Unlike a spam-friendly attack or an overpowered character, Jump Force‘s mechanics lack balance. Having an exploitable combat trick like this hurts the entire experience. Having some level of interaction across every aspect of battle the overuse of block takes what should be a fast-paced and engaging spectacle into a slow game of baiting your opponent into attacking, defending, or grabbing with limited success. I was a fan of Hunter x Hunter but even Gon would tire of this much Janken. When you finally do manage to bait your opponent into a brief combo and special attack that’s where the game should have tried to spend more time. The animations are faithful to their origins. There’s fast-paced combat that’s visually appealing to watch. It gives you a sense of power that you should get from playing as a Shonen Jump protagonist.
In a mostly unexplained cataclysmic event, the worlds of Shonen Jump and the Real World merge. Everything falls into chaos as villains and heroes fight one another in the streets. An unknown force uses a device called an Umbra Cubes to take bad natured people and turn them into evil super warriors. During a battle between Goku and Frieza, a stray energy blast mortally wounds your created character. Luckily an Umbra Cube can also enhance a good-willed person, and that’s you. With new fighting abilities and room to grow, the Jump Force recruits you to help slow the encroaching evil. Goku, Luffy, and Naruto lead the Jump Force as they work to regain lost territory, fight at the front lines, and invade enemy terrain.
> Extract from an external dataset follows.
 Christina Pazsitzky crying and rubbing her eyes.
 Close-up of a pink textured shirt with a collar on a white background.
After meeting the Director of Jump Force at the Umbra Base (a secret floating base between dimensions), you’ll get to pick what team you want to be on. Picking a team decides you new super-powered character’s starting special attacks as well as who you represent during seasonal events. Other than that, this decision doesn’t impact the story in any way. Don’t feel like you’re going to miss out on a Naruto team up if you side with Luffy. The Director will find disturbances in energy across both the Real World and Jump Worlds, sending you and others to go and stop the threat. Thanks to the Umbra Cubes, you’ll fight possessed versions of Jump fighters, normally in order to recruit them. You can also end up fighting Replicas.
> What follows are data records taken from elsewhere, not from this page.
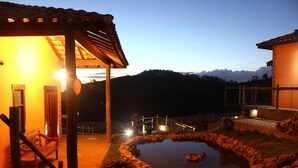 A building with a covered patio, a small pond, and a wooden bench. - Pousada Villa dos Leais (Serra Negra)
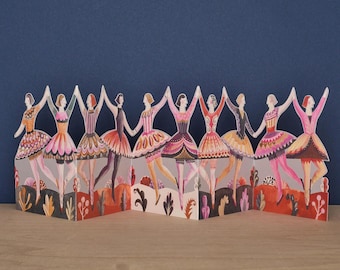 May include: A decorative paper accordion card featuring a continuous line of ten illustrated dancers holding hands. Each figure wears a unique, colorful ballet-style outfit with intricate patterns, set against a stylized landscape of foliage.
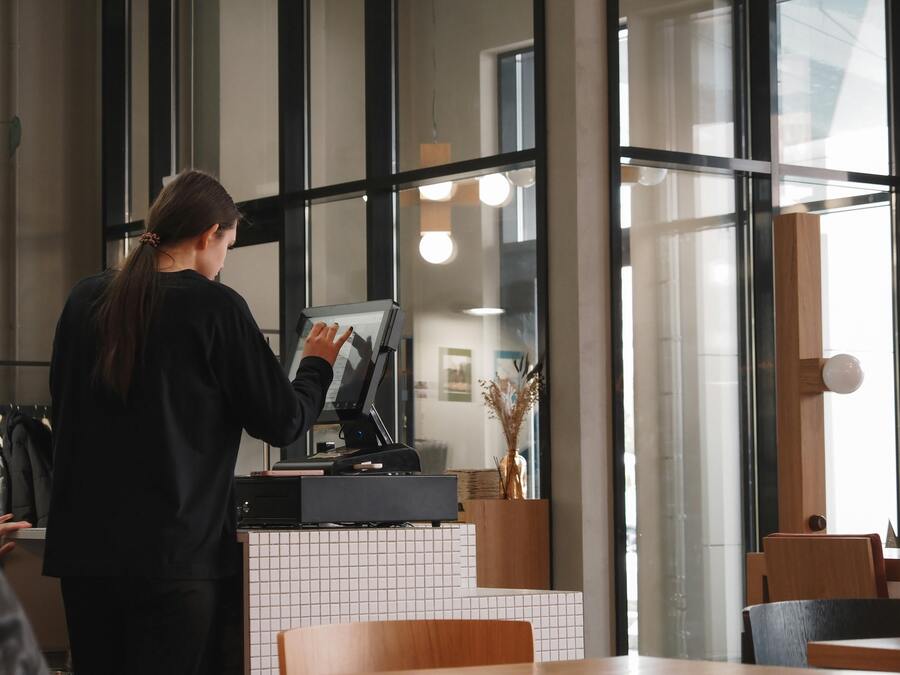 Restaurant cashier working at the register in a bright modern space, symbolizing financial stability and command position
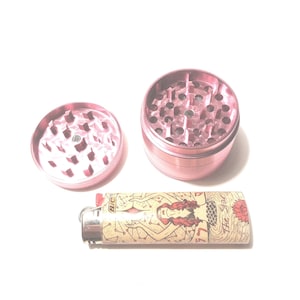 K&ouml;nnte beinhalten: Ein rosa Metall-Grinder mit einem separaten Deckel und einem Feuerzeug mit einem Meerjungfrauen-Motiv. Das Feuerzeug hat eine Standardgr&ouml;&szlig;e und ein goldenes BIC-Logo.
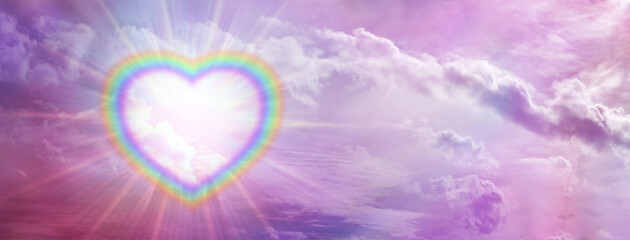 Rainbow love heart romantic  sky message banner - a large empty multicoloured border illuminated  heart creating a frame on left side of pink sky background with copy space for messages
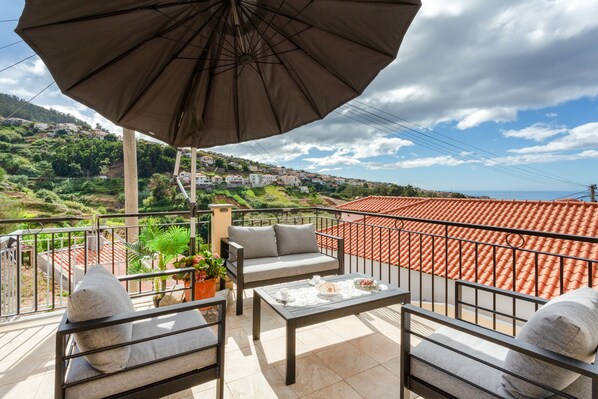 A balcony with a table, chairs, and a large umbrella.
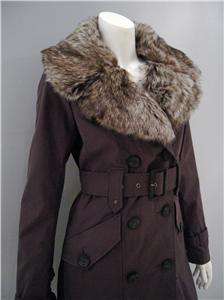 Double breasted trench coat has detachable faux fur collar, front flap 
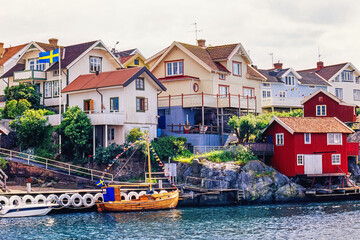 Poster - Fishing boat at a jetty by a swedish fishing village in the summer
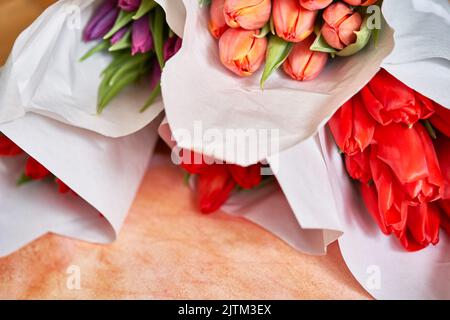 Tanti delicati bouquet di tulipani rossi e lilla, vista dall'alto. Un bouquet selezionato di bellissimi tulipani rossi in un package.The concetto di preparazione per Complimenti. Foto di alta qualità Foto Stock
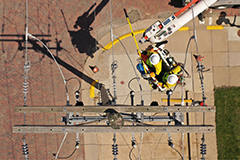 Photo of an Evergy worker in a bucket truck from above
The story is extremely disappointing and frustrating. Even as far as a fighting game storyline, what Jump Force brings to the table is embarrassing. There is a heavy focus on hero characters like Ichigo and Gon appearing as possessed villains. After single fights and extracting their evil Umbra Cube, they’re ready to help you out. This approach repeats over and over for practically all the hero fighters. These interactions grow repeatedly stale as you see how little substance there is. Even when rescued, there is minimal interaction between the heroes, even when they have shared interests like swordplay.
Hero characters earn the spotlight, either as friend or foe. The little bit of plot left over for the villains might as well be table scraps. As early as the first cutscene characters like Frieza appear, followed shortly after by the likes of Blackbeard and Aizen. Through the story, they do appear, but new villain Kane doesn’t give them the time of day. Characters that could add substance to the story as generals leading part of the Venom army barely register as soldiers.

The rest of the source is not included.